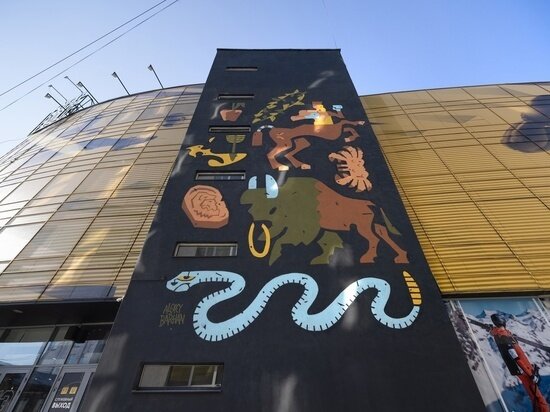     фото: Дмитрий Чабанов (STENOGRAFFIA)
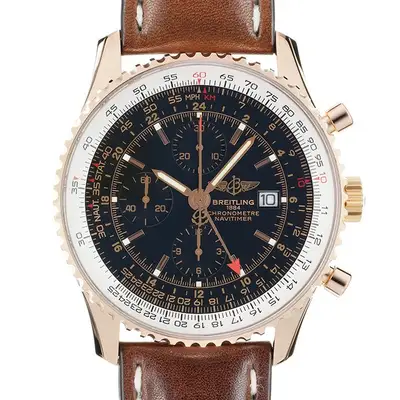 Breitling Navitimer World Chronograph R242B52KBA R24322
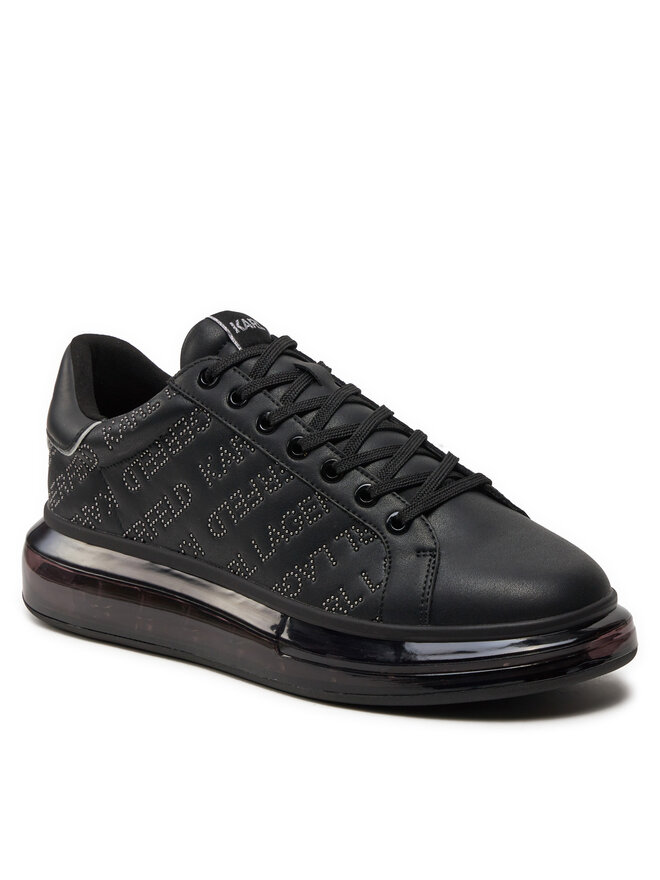 KARL LAGERFELD Sneakersy KARL LAGERFELD KL52671 Černá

+-------+

* About this task *
From the line containing "Breitling Navitimer World" down to the final line of the material, restate every line word for word, and only those; drop the pictures.

* Exercise answer *
 Breitling Navitimer World Chronograph R242B52KBA R24322
 KARL LAGERFELD Sneakersy KARL LAGERFELD KL52671 Černá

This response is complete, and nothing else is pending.